Your task
Pick out all lines with the word "Printed" from the records that follow.

Records for the exercise
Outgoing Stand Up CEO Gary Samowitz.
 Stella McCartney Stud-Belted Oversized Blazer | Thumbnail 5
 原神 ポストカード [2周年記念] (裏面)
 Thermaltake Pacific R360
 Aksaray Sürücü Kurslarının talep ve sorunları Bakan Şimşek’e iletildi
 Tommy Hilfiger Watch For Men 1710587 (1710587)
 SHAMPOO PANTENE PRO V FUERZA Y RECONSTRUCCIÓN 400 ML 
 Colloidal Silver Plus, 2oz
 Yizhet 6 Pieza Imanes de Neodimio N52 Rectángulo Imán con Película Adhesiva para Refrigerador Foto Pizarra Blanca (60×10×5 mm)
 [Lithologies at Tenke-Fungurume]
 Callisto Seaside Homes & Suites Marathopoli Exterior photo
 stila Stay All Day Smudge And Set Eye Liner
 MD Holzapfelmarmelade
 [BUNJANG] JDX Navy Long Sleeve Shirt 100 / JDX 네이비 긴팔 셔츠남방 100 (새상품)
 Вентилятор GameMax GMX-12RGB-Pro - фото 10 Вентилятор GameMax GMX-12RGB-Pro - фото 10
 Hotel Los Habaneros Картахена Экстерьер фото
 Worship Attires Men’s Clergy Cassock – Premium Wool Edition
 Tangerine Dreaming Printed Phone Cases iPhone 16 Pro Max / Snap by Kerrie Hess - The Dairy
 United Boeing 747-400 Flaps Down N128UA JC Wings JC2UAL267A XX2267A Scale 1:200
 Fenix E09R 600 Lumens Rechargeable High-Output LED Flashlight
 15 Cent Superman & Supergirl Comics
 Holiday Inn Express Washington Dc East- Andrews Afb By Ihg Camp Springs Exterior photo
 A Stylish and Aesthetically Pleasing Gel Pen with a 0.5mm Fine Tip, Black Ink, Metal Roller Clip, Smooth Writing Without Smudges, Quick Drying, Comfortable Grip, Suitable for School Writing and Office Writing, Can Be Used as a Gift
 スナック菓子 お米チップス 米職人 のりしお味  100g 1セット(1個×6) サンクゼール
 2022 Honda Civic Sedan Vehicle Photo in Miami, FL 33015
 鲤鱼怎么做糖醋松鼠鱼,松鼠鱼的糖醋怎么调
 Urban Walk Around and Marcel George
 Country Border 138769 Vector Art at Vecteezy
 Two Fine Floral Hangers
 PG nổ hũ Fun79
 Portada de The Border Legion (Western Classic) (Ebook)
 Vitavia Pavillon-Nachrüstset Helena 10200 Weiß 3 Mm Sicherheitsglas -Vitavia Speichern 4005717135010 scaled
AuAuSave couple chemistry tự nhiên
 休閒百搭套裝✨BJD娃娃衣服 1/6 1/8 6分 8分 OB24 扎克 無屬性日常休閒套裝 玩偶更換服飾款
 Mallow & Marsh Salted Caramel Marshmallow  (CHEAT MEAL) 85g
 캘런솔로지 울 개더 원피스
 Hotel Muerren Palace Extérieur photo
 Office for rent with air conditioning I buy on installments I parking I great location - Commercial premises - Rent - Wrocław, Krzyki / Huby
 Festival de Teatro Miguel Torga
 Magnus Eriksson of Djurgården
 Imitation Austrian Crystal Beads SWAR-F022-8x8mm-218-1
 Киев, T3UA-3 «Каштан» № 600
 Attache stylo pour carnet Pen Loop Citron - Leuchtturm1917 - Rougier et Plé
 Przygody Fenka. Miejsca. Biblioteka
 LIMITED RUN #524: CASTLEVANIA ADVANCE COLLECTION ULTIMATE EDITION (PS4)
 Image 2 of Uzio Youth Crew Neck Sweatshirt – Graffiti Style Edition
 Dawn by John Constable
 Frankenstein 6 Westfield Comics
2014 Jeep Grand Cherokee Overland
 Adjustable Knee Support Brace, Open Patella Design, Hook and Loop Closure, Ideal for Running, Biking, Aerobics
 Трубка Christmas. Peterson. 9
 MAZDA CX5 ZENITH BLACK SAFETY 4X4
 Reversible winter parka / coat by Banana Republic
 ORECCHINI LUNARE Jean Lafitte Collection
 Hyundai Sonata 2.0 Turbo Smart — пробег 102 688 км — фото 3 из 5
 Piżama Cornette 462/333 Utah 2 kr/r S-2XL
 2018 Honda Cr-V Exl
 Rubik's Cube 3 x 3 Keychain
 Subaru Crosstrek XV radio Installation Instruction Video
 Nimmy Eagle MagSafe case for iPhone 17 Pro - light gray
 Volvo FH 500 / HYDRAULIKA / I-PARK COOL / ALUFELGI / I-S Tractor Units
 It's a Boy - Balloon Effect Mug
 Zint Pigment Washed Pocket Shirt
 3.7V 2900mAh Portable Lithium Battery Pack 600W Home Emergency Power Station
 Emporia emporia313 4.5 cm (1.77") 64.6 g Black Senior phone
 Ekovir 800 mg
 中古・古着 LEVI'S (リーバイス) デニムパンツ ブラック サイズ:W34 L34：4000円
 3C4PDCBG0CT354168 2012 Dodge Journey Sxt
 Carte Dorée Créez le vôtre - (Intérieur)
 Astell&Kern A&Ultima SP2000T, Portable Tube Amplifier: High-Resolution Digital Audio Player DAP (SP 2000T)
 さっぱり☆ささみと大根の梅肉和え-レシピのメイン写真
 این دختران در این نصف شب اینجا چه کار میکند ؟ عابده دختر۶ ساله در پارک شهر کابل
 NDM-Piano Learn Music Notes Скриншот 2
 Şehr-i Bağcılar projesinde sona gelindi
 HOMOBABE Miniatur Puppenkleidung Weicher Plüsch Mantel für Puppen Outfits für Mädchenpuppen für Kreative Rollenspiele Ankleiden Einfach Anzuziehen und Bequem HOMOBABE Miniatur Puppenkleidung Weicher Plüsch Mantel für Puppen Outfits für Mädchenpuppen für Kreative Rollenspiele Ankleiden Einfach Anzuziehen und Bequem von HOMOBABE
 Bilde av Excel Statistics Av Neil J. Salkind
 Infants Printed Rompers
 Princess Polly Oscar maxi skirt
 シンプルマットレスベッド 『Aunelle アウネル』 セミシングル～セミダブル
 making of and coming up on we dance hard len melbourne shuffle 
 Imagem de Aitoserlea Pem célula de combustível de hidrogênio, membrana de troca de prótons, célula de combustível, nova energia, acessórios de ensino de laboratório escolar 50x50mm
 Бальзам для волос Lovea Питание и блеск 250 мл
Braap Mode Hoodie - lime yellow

Reply to the task
 Tangerine Dreaming Printed Phone Cases iPhone 16 Pro Max / Snap by Kerrie Hess - The Dairy
 Infants Printed Rompers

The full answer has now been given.